Thursday, June 24, 2010

Chris Finlayson is in contempt of Parliament

The Registrar of Pecuniary Interests, Margaret Bazley, has ruled that Chris Finlayson broke the rules when he repeatedly failed to declare his directorship of a company in his annual return of pecuniary interests. Which is pretty obvious. The rules are crystal clear, stating:

(1) Every return of pecuniary interests must contain the following information as at the effective date of the return:

(a) the name of each company of which the member is a director or holds or controls more than 5 percent of the voting rights and a description of the main business activities of each of those companies, and...

Note: "each company of which the member is a director" - not "each company of which the member is a director which makes money". Only a lawyer could convince themselves to ignore the plain reading of the words for a perverse, self-serving interpretation.

So, what happens next? At this stage its worth remembering Standing order 401(h):

Without limiting the generality of Standing Order 400, the House may treat as a contempt any of the following:


(h) as a member, knowingly providing false or misleading information in a return of pecuniary interests

There's no question the information was false, and Finlayson has admitted he did it knowingly. He has therefore committed a clear contempt of Parliament (and, I might add, the public, who the pecuniary interest rules are designed to protect).
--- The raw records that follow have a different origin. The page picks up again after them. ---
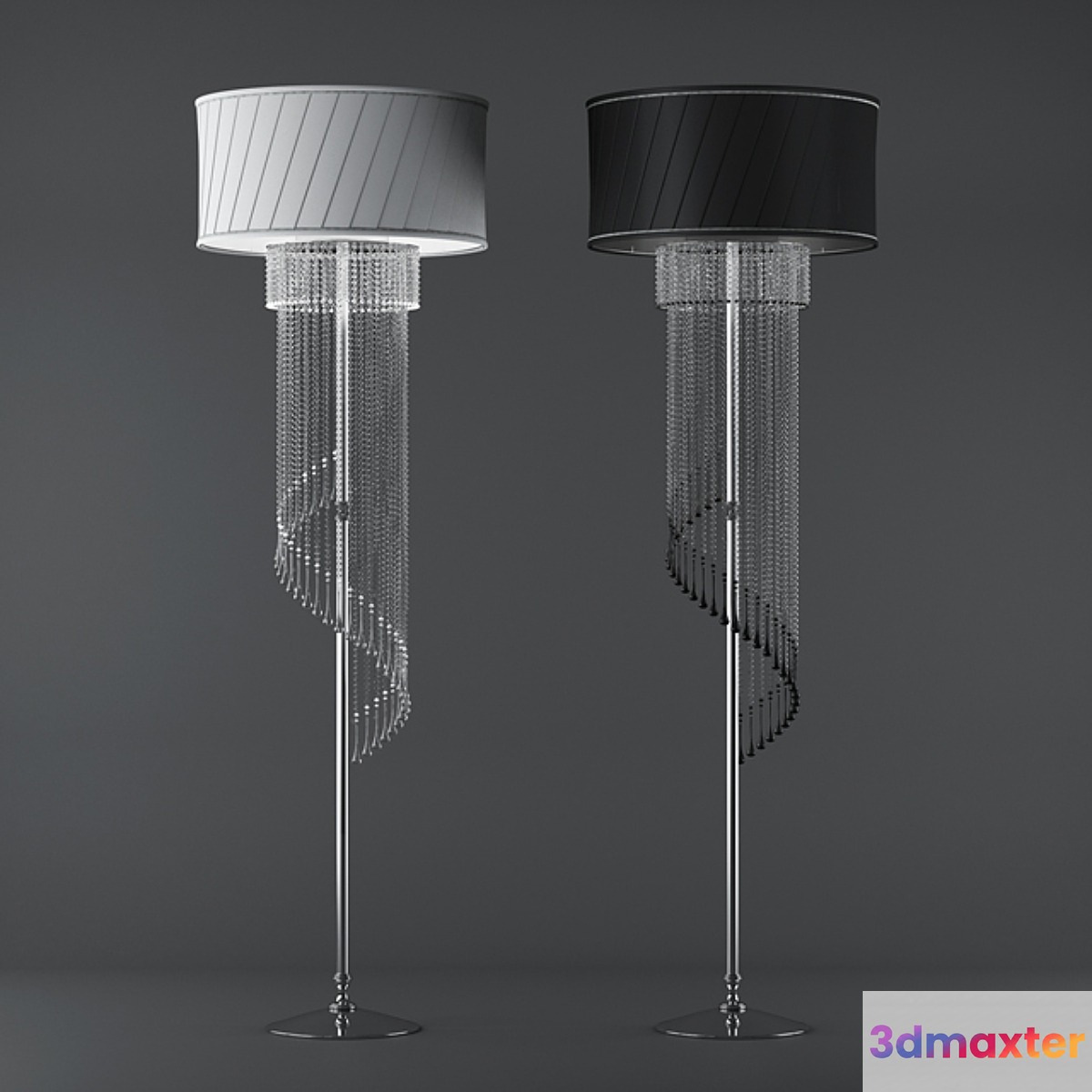 Floor lamp Jago NCP022 3D Max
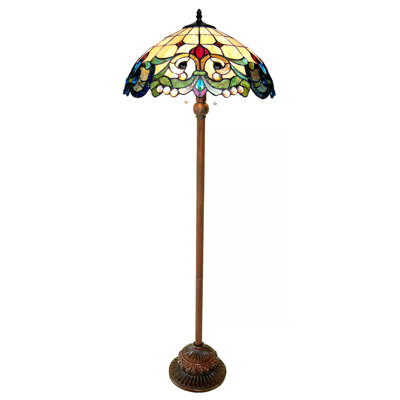 Lampe sur pied 64 po Hazelden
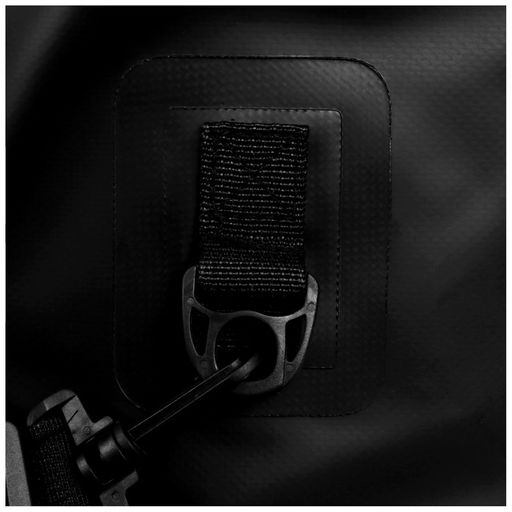 Гермомешок туристический Maclay 80L, 500D, цвет чёрный  фото 7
This is unacceptable for an MP; it is even more unacceptable in a Minister, who must, in the words of the Cabinet Manual, "act lawfully and... behave in a way that upholds, and is seen to uphold, the highest ethical standards". And the Attorney-General needs to be held to an even higher standard than that - the lawfulness of their behaviour must be beyond any doubt.

The question is whether Parliament will act on this, or whether Lockwood will find a way (again) to ignore a clear breach of the rules by one of his mates.